By extension of this Zionist thinking, he's also saying that other Jews who were born and raised elsewhere have the same claim, including those who live in countries with minority rights and freedom of religion—countries that did not persecute their Jewish citizens.

That puts a new spin on not only the concept of a homeland but also on the concept of property rights.

Using Halevi's logic, or lack thereof, anyone of any religion has a right to claim land wherever the religion originated or where far distant ancestors once lived, regardless of where the claimant was born and raised and is living now.  This would mean that Christians in Turkey or Syria could claim land in Bethlehem, or scattered believers in the ancient religion of Zoroastrianism could claim land in modern-day Iran, or Shiite Muslims could claim land in Madinah, Saudi Arabia, the Sunni city where Mohammed lived.  
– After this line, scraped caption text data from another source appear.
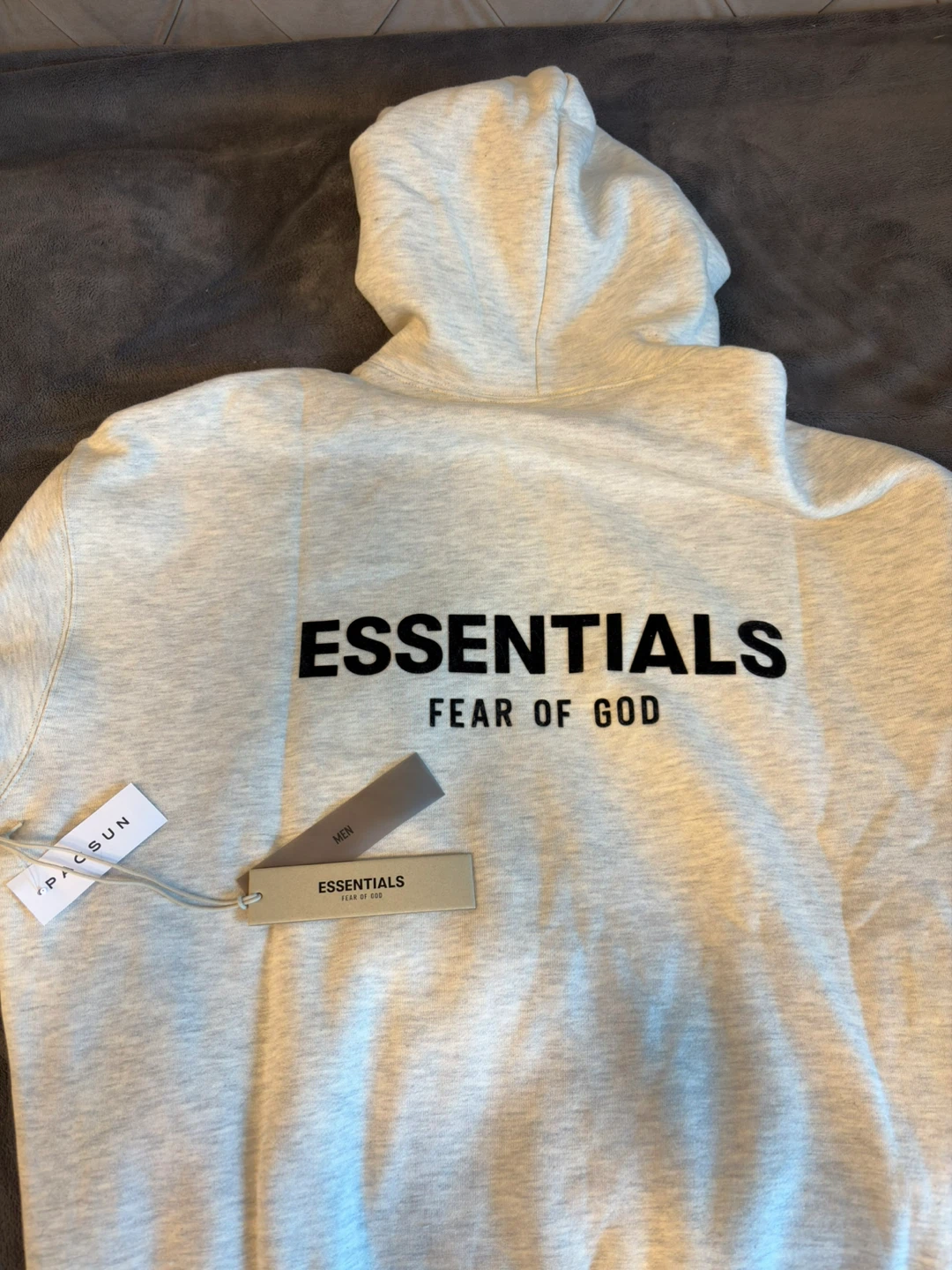 Fear of God Essentials Hoodie Light oatmeal SS22 Size S New - photo 4
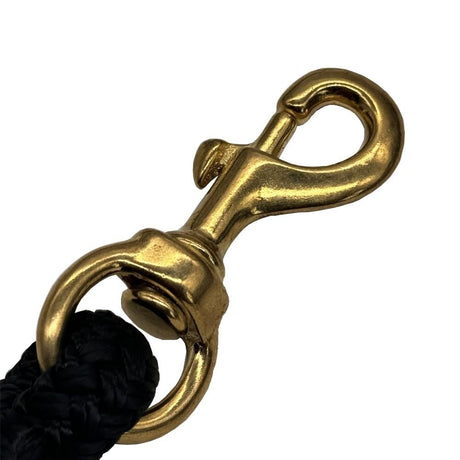 Horse Lead Rope, Double Braided Nylon Horse Lead Line, Lead Rope for Horses with Quick Halter Attachment, Soft Comfort Grip, Barn Horse Tack for Daily Use & Showing (1/2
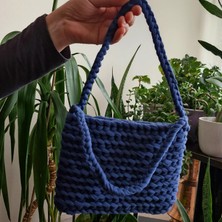 Iplik Çanta, Veronika Çantası, Tığ Işi Omuz Çantası, Örgü File Çanta, Çanta El Yapımı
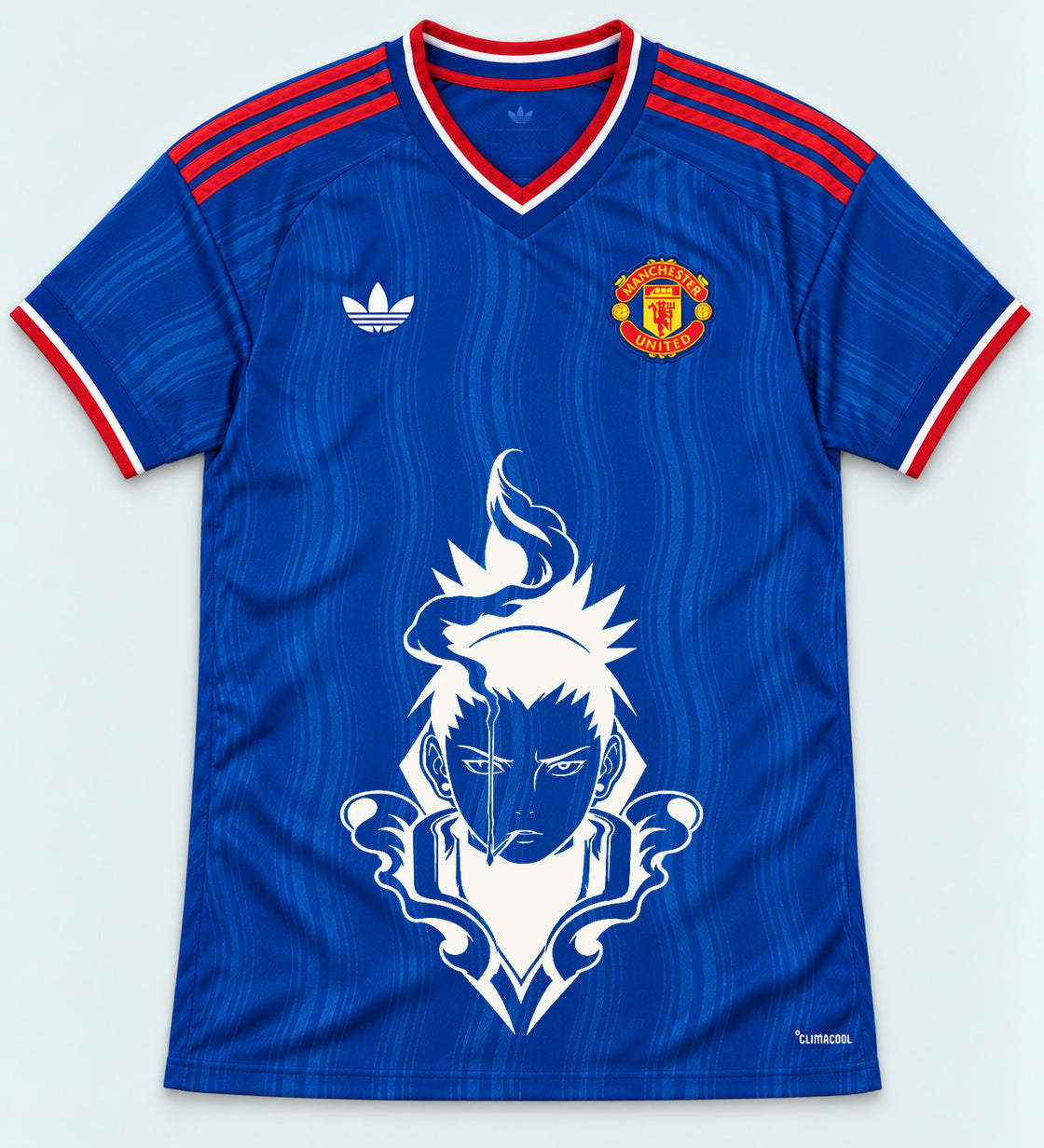 Manchester United Blue Shikamaru Shadow Mind Jersey — Front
A better example is Native Americans.  If American Jews have a right to land in Palestine, then Native Americans certainly have a right to reclaim their ancestral homelands in America. 

Take the Seminoles.  They were one of the tribes that suffered immensely from the Indian Removal Act of 1830, which was just 188 years ago, not millennia ago.  Along with the Cherokee, Creek, Chickasaw, Choctaw, and Ponca, the Seminoles were forcibly relocated to reservations west of the Mississippi River.  An estimated fourth to a third of Cherokees alone died along the way, in what became known as the Trail of Tears.

Today, most Native Americans on reservations are living in horrible poverty and are dependent on the Bureau of Indian Affairs, a federal agency that is so mismanaged that it makes Veterans Affairs look like the epitome of good management.

Taking a page from the Zionists, the Seminoles should have some powerful nation ramrod a resolution through the United Nations to reestablish their homeland in Florida, perhaps by giving them Fort Lauderdale, where the large Jewish population certainly wouldn't mind, given their support for a homeland for Jews in Palestine.  But if they somehow were to mind and took up arms, the Seminoles could look to their powerful sponsor for military support.

Another option would be to partition the State of Florida into two halves, with Seminoles living on one side of the partition line and everyone else living on the other.

That's not an original idea.  In fact, partition is what our friend Yossi Klein Halevi proposed in the Wall Street Journal as a solution to the Israeli-Palestinian dilemma.

Halevi believes that a one-state solution to the Israeli-Palestinian dilemma would never work, because Palestinians would end up in the majority, which would be the end of the Jewish state.  The only solution, then, is for both Israelis and Palestinians to give up their respective claims to all of historic Israel and to agree to a partition of the land, a partition in which Israelis would live on one side of the partition line, and Palestinians on the other.  In essence, Palestinians would vacate the land designated in 1948 as the State of Israel, and Israel would vacate much of Gaza and the West Bank and forever cease building settlements in the vacated areas.

Halevi calls this the "necessary injustice of partition."

Halevi could be right that a partition is the only way out of the dilemma.  Of course, this would require a mass migration of people from one side of the partition line to the other, similar to the migration that took place when India was partitioned into two states, one Hindu and one Muslim.

In the same vein, if Seminoles were given half of Florida in a partition, the current residents in that half would have to move to the other half.  But they'd have to accept it as a necessary injustice of partition.